For nearly nine months, hacker groups thought to be based in Iran have been launching large-scale cyberattacks designed to knock U.S. bank Websites offline. But those assaults have subsided over the past few weeks as Iranian hacker groups have begun turning their attention toward domestic targets, launching sophisticated phishing attacks against fellow citizens leading up to today’s presidential election there.
Since September 2012, nearly 50 U.S. financial institutions have been targeted in over 200 distributed denial of service (DDoS) attacks, according to the U.S. Department of Homeland Security. A Middle Eastern hacking collective known as the Izz ad-Din al-Qassam Cyber Fighters has claimed credit for the assaults, and U.S. intelligence officials have repeatedly blamed the attacks on hacker groups backed by the Iranian government.
But roughly three weeks ago, experts began noticing that the attacks had mysteriously stopped.
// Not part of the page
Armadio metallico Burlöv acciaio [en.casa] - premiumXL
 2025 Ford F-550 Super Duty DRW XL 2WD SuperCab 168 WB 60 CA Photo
“We haven’t seen anything for about three weeks now,” said Bill Nelson, president and CEO of the Financial Services Information Sharing and Analysis Center (FS-ISAC), an industry coalition that disseminates data about cyber threats to member financial institutions. “It’s not clear why [the attacks stopped], but there are a lot of things going on in Iran right now, particularly the presidential elections.”
Meanwhile, data collected by Google suggests that the attackers are focusing their skills and firepower internally, perhaps to gather intelligence about groups and individuals supporting specific candidates running for Iran’s presidential seat. In a blog post published this week, Google said that it is tracking a “significant jump” in the overall volume of phishing activity in and around Iran.
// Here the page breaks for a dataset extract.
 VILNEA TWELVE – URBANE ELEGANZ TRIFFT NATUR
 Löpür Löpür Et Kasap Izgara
“For almost three weeks, we have detected and disrupted multiple email-based phishing campaigns aimed at compromising the accounts owned by tens of thousands of Iranian users,” wrote Eric Grosse, vice president of security engineering for Google. “The timing and targeting of the campaigns suggest that the attacks are politically motivated in connection with the Iranian presidential election on Friday.”
Grosse said the attacks appear to be the work of the same group that used SSL certificates fraudulently obtained from the now-defunct Dutch certificate authority Diginotar in sophisticated Iranian phishing campaigns that spoofed Gmail and other online services in August 2011.
Jeff Bardin, chief intelligence officer at Treadstone 71, a cyber intelligence and training firm, said he expects the phishing attacks to subside following today’s election in Iran.
“They are ahead of the game this time around as opposed to 2009 when they could not control Web 2.0 and cell phone activities,” Bardin said of the Iranian government. “Since then, they have acquired or nationalized telecoms, established filters, cutoff switches for the Internet and infiltrated Facebook, Twitter, YouTube. Iran has established a high degree of surveillance and control.”
For now, it’s unclear whether the same volume of DDoS attacks against U.S. financial institutions will continue after the Iranian election is over. According to Bardin, the attacks have been increasingly ineffective as more U.S. financial institutions moved to commercial providers of DDoS protection, including companies like Akamai, Arbor Networks, Prolexic (which protects this blog) and Radware.
“We’ll see what happens after the elections, but we’re not holding our breath,” FS-ISAC’s Nelson said. “Maybe this is the end, but they’re probably just gearing up for another round.”